Mar 13, 2008
algas
Algas
(1995-2004)
Quero contar as férias de Verão na colónia balnear
as tardes sentada sob o arco de pedra
soltando sombra a rezar o terço
Fervorosa devoção
que me deixou fechada na nave lateral da igreja no colégio
frente ao altar de um Santo adivinhando
por entre o escuro das lágrimas a porta
atrás do reposteiro de veludo
guiada talvez pelo Senhor, subi
a galeria atravessei o terraço sobre o claustro principal
arrombei a porta do corredor das aulas, era de noite
desci as escadas e fui apanhada pela D. Hilda
(Senhora Dona, de direito)
No fim-de-semana organizavam-se com os pais de visita
piqueniques no raro bosque de pinheiros frente à via-rápida:
forte de Sto.

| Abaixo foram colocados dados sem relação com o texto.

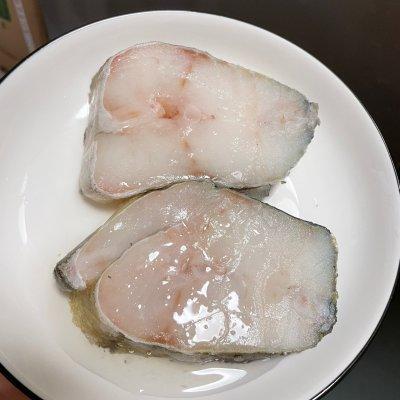 怎么做蒸鳕鱼好吃，比饭店做的好吃百倍
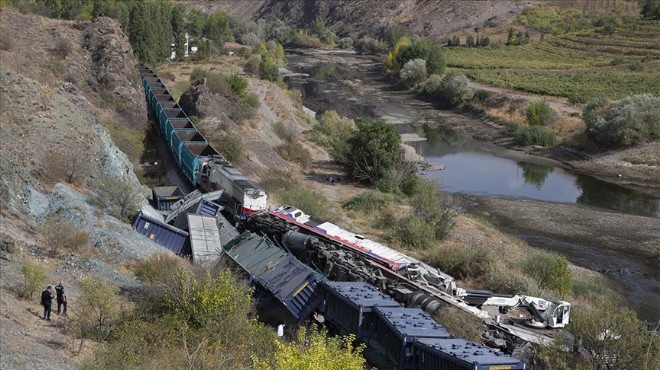 Ankara da tren kazası: 2 ölü, 2 yaralı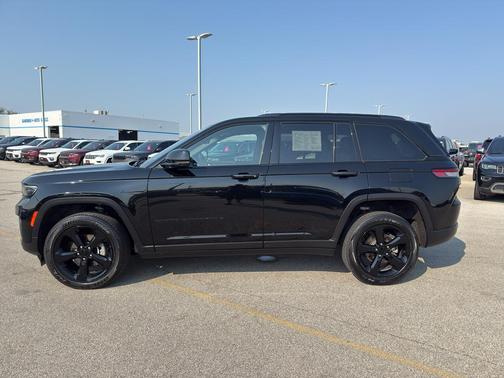 2023 Jeep Grand Cherokee Altitude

António de graves lembranças históricas
ímpetos guerreiros da morte do professor Oliveira Salazar
recordada com pesar pelas Mulheres modestas
rematando pequenas ilustrações com morais edificantes:
uma Senhora conhece-se pela maneira como se senta
as túnicas quadriculadas puxadas com nervos
até aos joelhos cerrados, postura das regras
perna descruzada
Em temeroso respeito à Senhora Directora
excelentíssima nos pedidos de saída
sob ameaça de ficar Rogo
a vossa excelência se digne
conceder autorização à aluna número
e os dias da semana contados ao contrário
menos hoje, menos amanhã, menos depois
haverá outras bocas lá fora para
A pedra crescendo nos muros
a torre onde vagueia Madre Paula
freira amancebada com rei barroco
não o poeta de pinhais e barbas ruivas
que D. Hilda criada de menina no colégio
reconheceu de relance, quando o túmulo da igreja
se viu aberto nas Invasões Francesas
foi o mosteiro fundado por
este mesmo rei que aqui jaz,
de acordo com promessa feita à Virgem
em suas coutadas de caça no Alentejo
vendo-se perseguido por besta ferocíssima
de grande porte e piores intenções
era um urso e D. Hilda diminui
nariz adunco curvado para o xaile
fazendo lenda
sem querer morrer nunca
de novo espantada pela má-criação das
mais jovens gerações que se perseguem
dizia-se que
caminhava à noite pela linha
de mosaicos claros nos longos corredores
com vela tremeluzindo nos cabelos brancos
soltos enfim do toutiço armado
Ou as veredas da quinta
por onde fugíamos
coladas às plantas
iludindo a vigilância até ao muro
junto ao rio que ladeávamos
em planos de fuga sonhando os montes
já invadidos por grupos de prédios desolados
Sob as colunas góticas do claustro principal
nas tardes baças de Outono
na fragrância das campânulas amarelas
que pendiam em cachos dos arbustos
comendo uma romã acocorada
junto aos vasos acres das sardinheiras
procurando adivinhar
num arrepio de perigo alheio
restos de cinza, beatas
das alunas negativas
a comportamento
acreditávamos o mundo tão fácil,
abençoadas pela espantosa clareza
da ciência e da religião
No Inverno subia as escadas
até à Enfermaria e esperava a vez
tremendo ao contacto das cadeiras de metal
contra as pernas nuas, enrolava-me
sob os cobertores ásperos
estava cansada
nas camas reclináveis de colchões duros,
inquietavam-se as médicas cercando-me
problemas em casa, amores perdidos?
receitavam-me valeriana estava cansada
Na primeira noite as camas rangiam
pela camarata imensa sussurros
medo do escuro aos dez anos
alguém chorando sob os cobertores
a monitora de serviço
Gertrudes de nome
que entretanto casou e ficou melhor apesar de
acendeu com brusquidão as luzes,
encadeando a Virgem que dormitava na prateleira
ouvidas há pouco as preces,
e declarou com verve não suportar
tamanha indisciplina, irreverência
(adjectivo que guardei para designar incurável rebeldia)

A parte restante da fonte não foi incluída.